So that the copy stays text only, transcribe the data below exactly and exclude the images.

------------------------------------------------------------------------

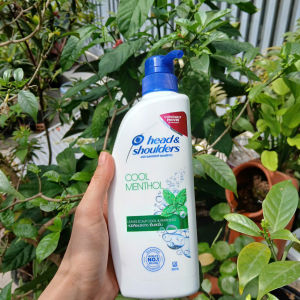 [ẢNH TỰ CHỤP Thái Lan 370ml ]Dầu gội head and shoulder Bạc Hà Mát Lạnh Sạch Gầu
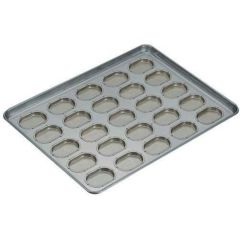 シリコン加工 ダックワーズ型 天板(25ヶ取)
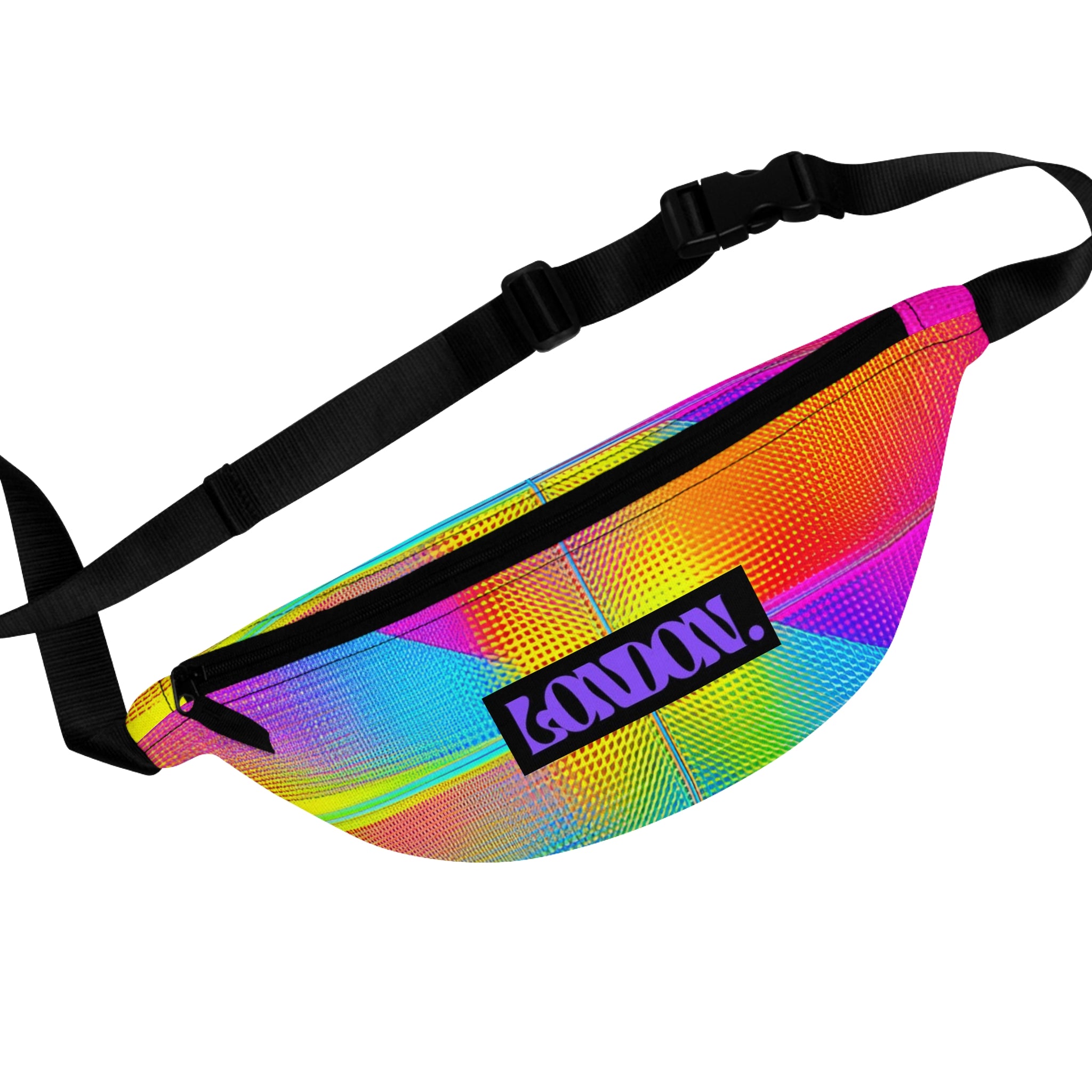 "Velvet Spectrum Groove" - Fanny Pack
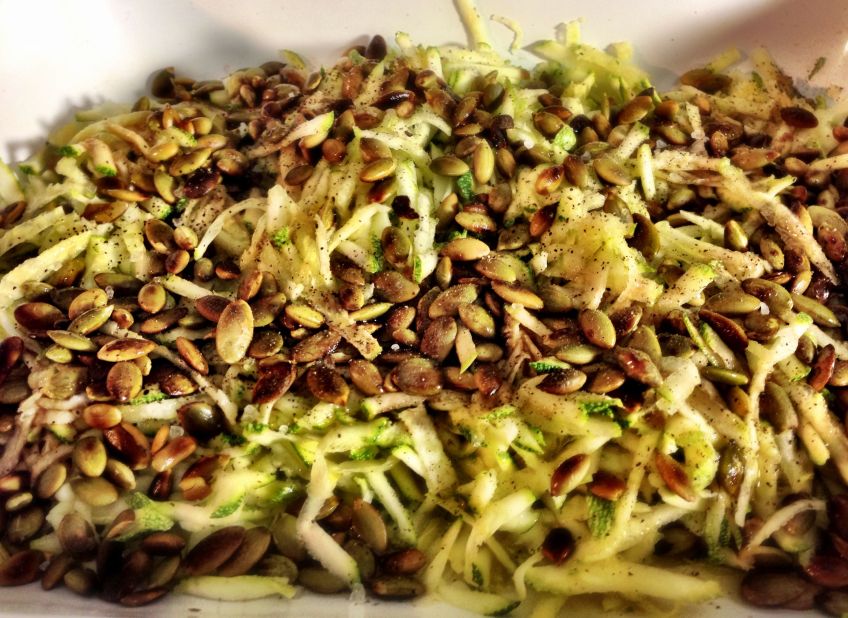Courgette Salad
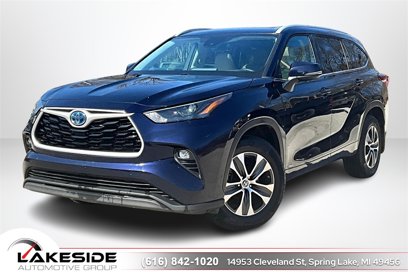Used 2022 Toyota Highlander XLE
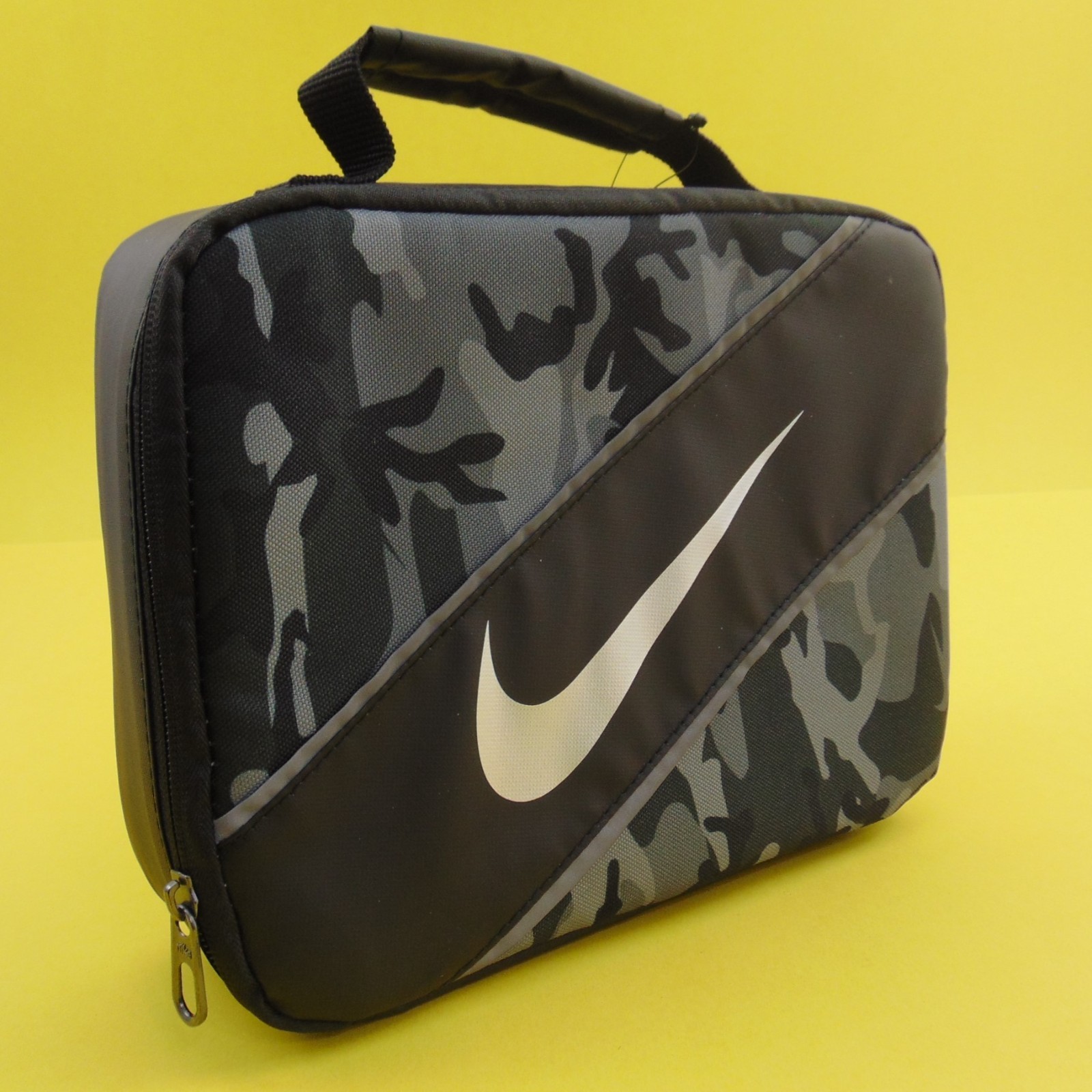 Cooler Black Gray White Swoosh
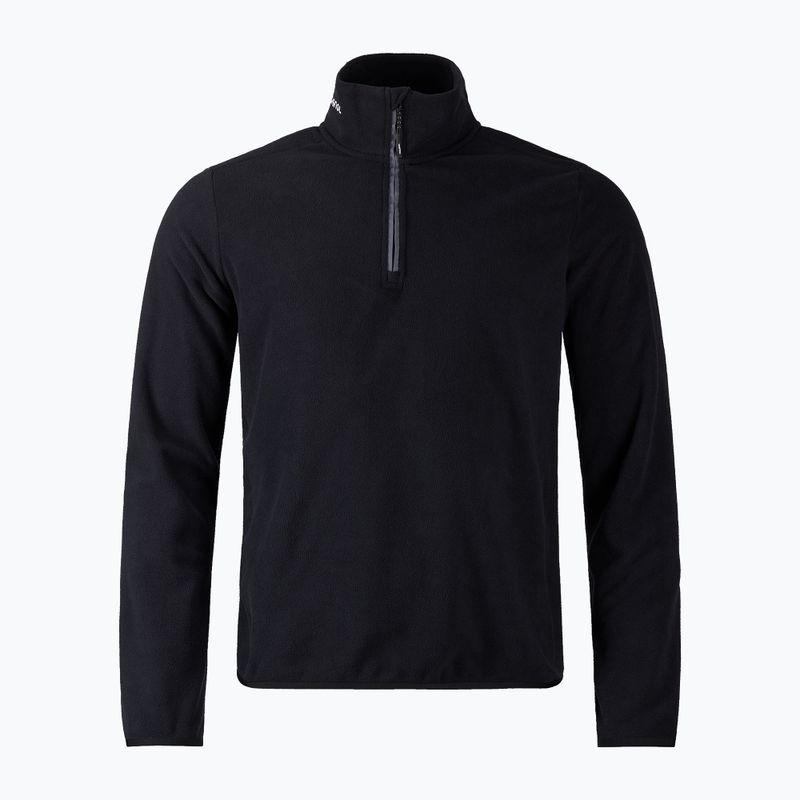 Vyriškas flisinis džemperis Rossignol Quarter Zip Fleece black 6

------------------------------------------------------------------------

• **Finished exercise**
 [ẢNH TỰ CHỤP Thái Lan 370ml ]Dầu gội head and shoulder Bạc Hà Mát Lạnh Sạch Gầu
 シリコン加工 ダックワーズ型 天板(25ヶ取)
 "Velvet Spectrum Groove" - Fanny Pack
Courgette Salad
Used 2022 Toyota Highlander XLE
 Cooler Black Gray White Swoosh
 Vyriškas flisinis džemperis Rossignol Quarter Zip Fleece black 6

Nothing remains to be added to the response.